Take the line containing "Little White Lies [KSIĄŻKA]" through the last line of the data and retype those lines exactly. Pictures do not belong in the copy.

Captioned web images
+ + + + + + +

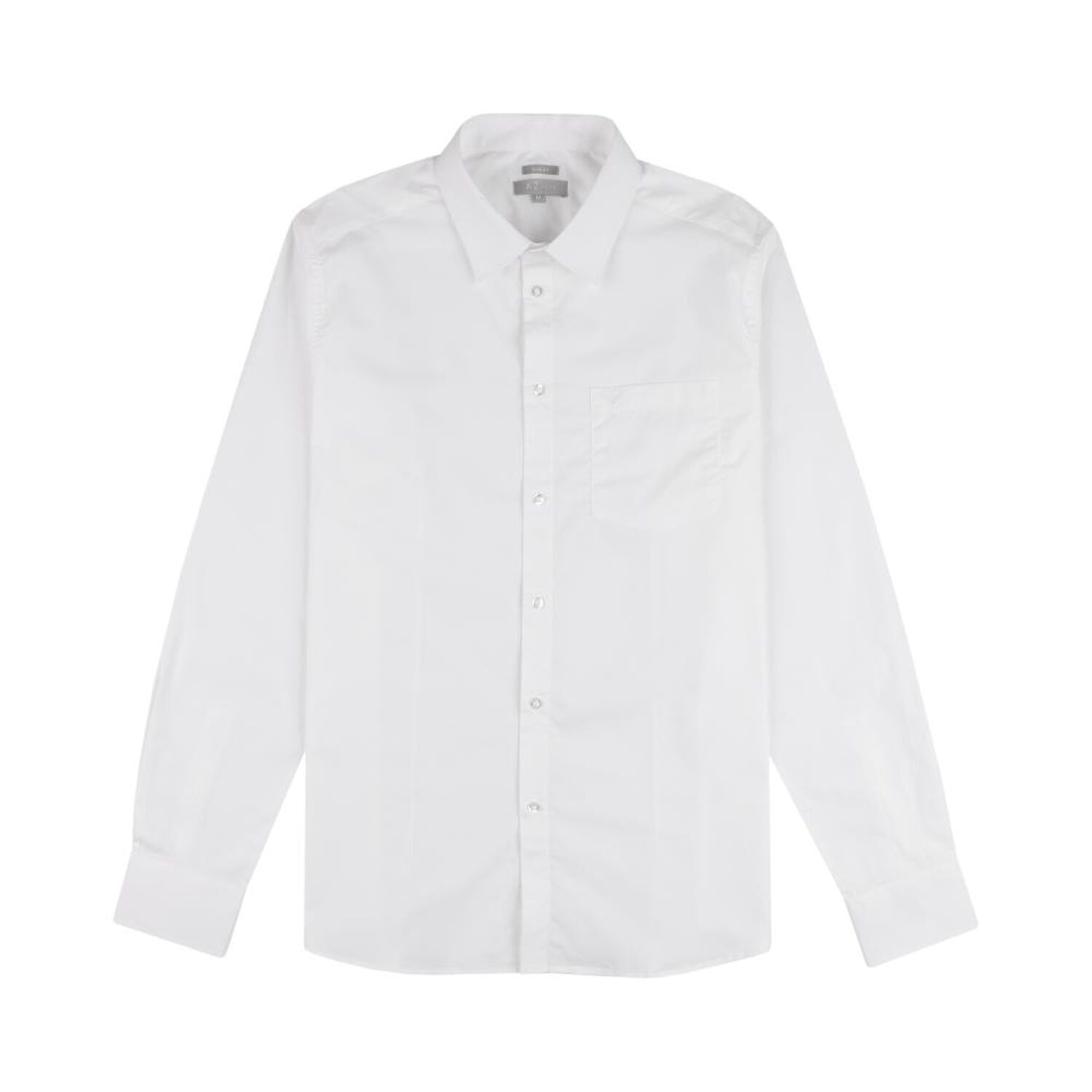 Camisa Hombre Az Black image number 0.0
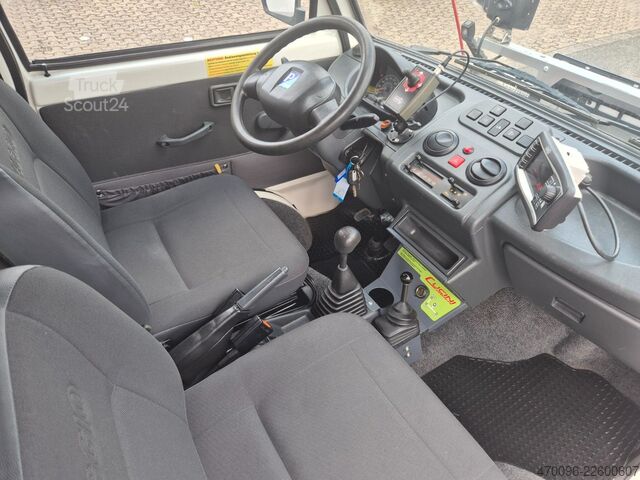Anden PIAGGIO Porter 1.3 4*4-Winterdienst*Kipper*AHK*Salzstreu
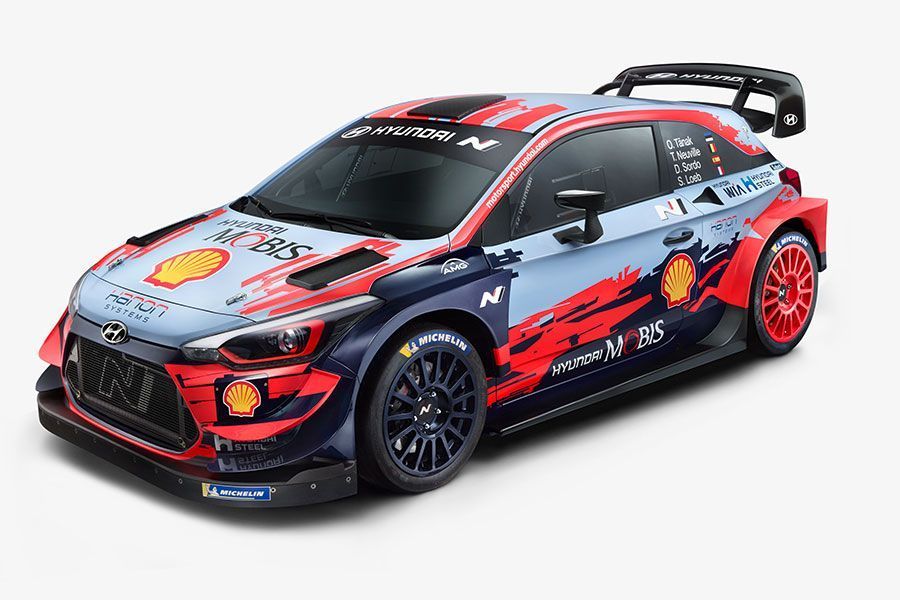 Hyundai, WRC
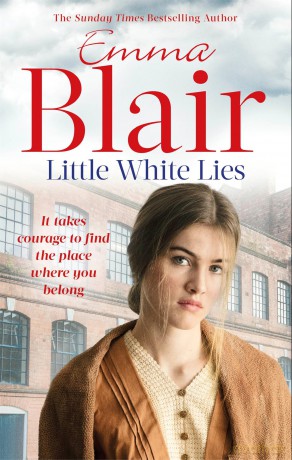 Little White Lies [KSIĄŻKA]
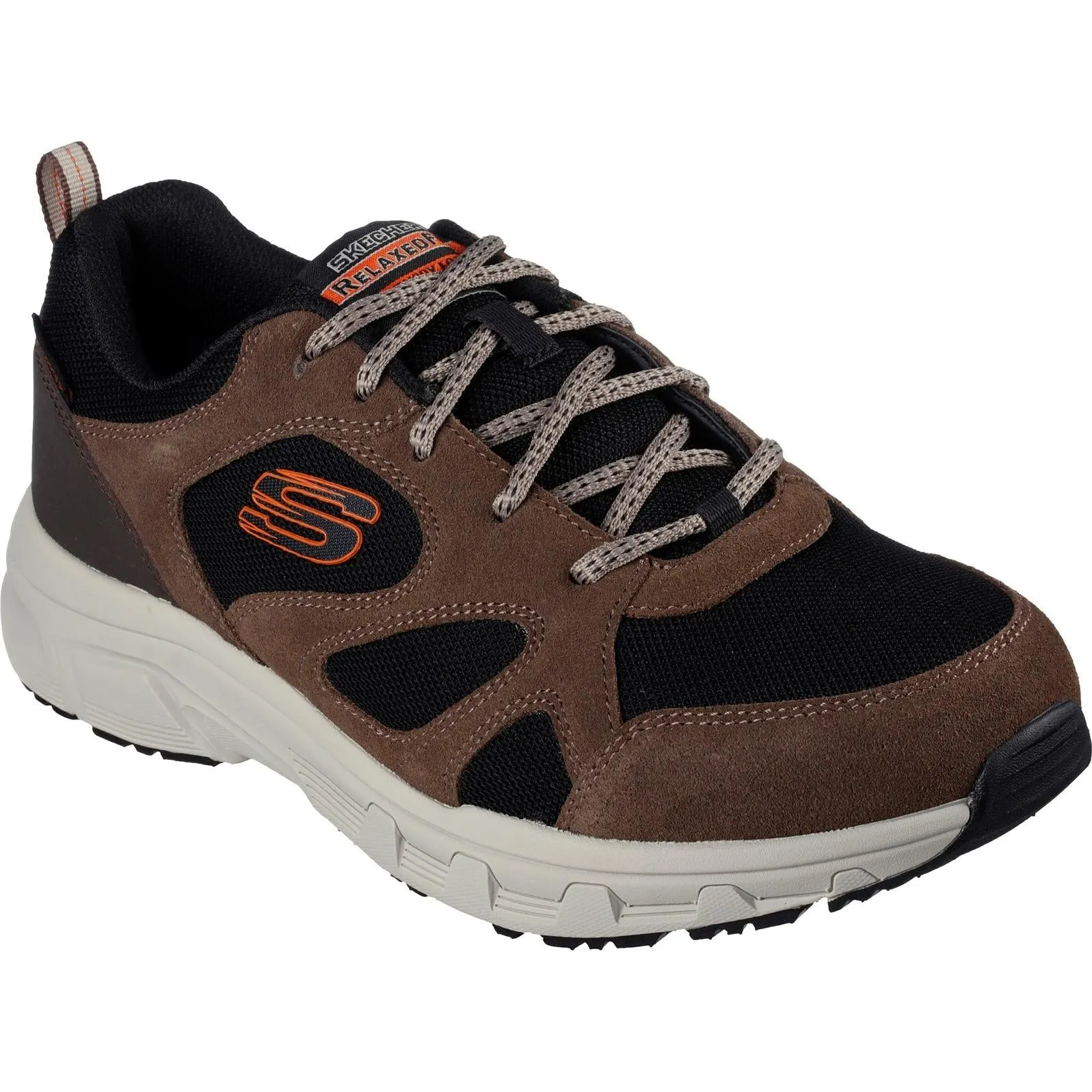 Skechers Oak Canyon Sunfair Trekking Low Cut Trainers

+ + + + + + +

**SOLUTION FOR THIS PROBLEM:**
 Little White Lies [KSIĄŻKA]
 Skechers Oak Canyon Sunfair Trekking Low Cut Trainers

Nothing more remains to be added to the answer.